◆ Problem description ◆
For the records that follow, please set down exactly the lines between the one holding "Вячеслав Бутусов не" and the one holding "گلدان دیواری", inclusive, and only those.

◆ Extracted information ◆
........
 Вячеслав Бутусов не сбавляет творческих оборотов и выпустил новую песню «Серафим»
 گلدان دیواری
........
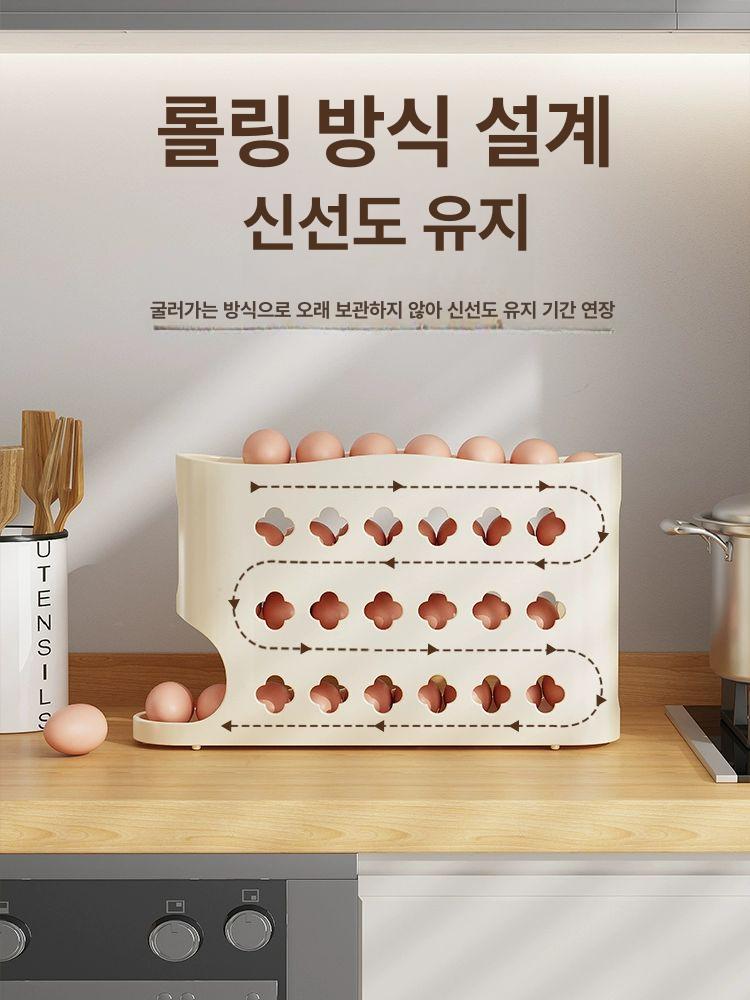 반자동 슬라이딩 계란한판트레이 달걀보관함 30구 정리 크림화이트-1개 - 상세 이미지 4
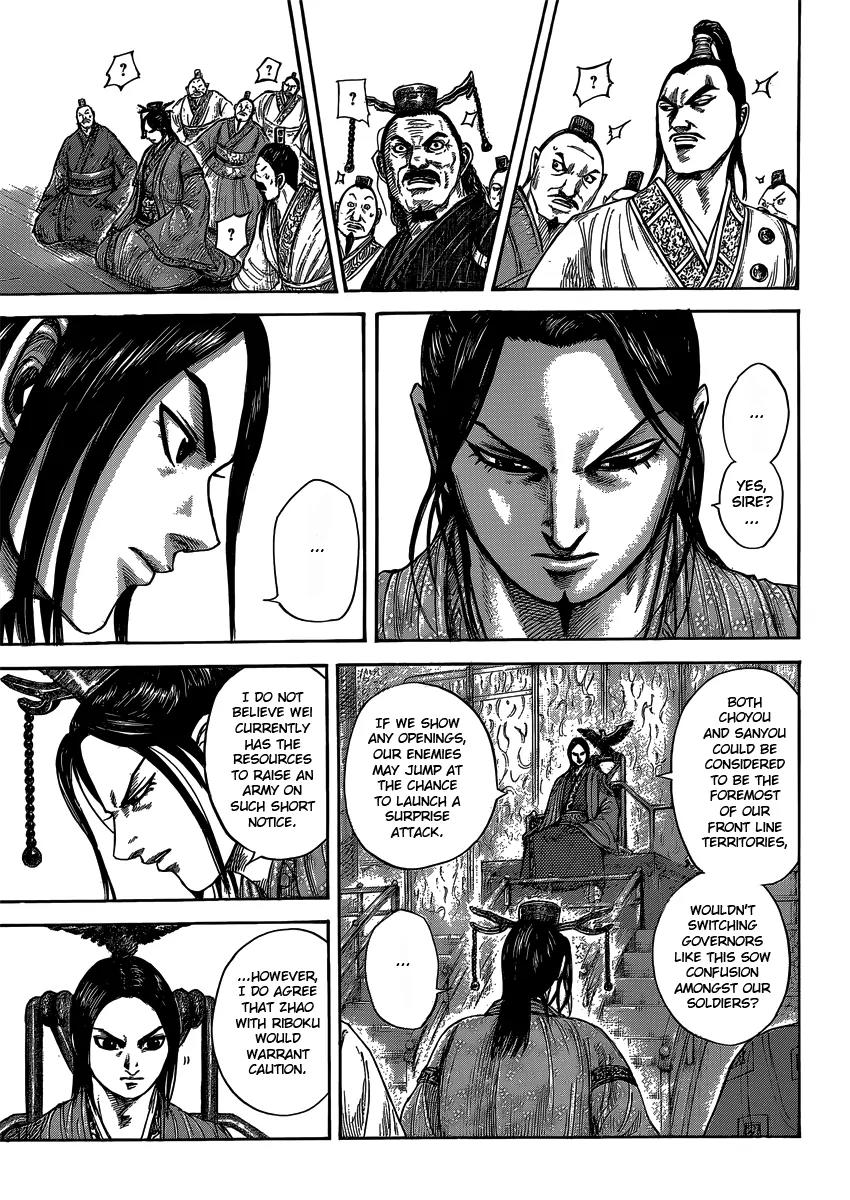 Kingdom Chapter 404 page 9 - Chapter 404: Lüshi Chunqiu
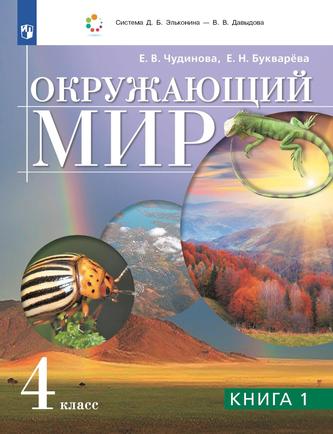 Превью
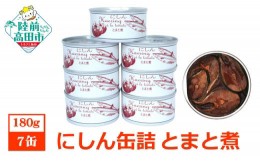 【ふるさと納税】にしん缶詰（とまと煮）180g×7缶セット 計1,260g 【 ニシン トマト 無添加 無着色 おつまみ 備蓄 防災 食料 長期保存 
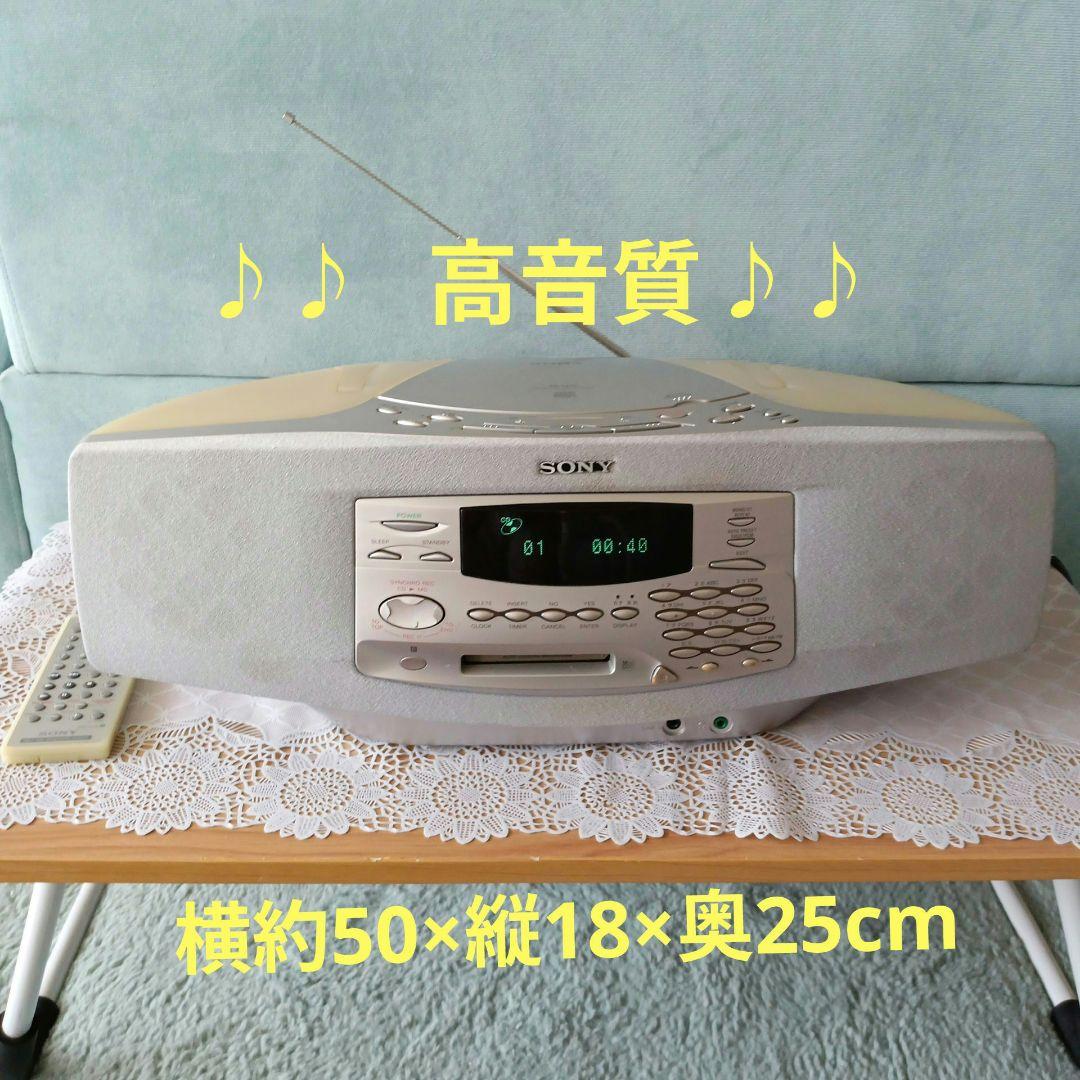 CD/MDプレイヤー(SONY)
........
◆ Reply to the exercise ◆
 Вячеслав Бутусов не сбавляет творческих оборотов и выпустил новую песню «Серафим»
 گلدان دیواری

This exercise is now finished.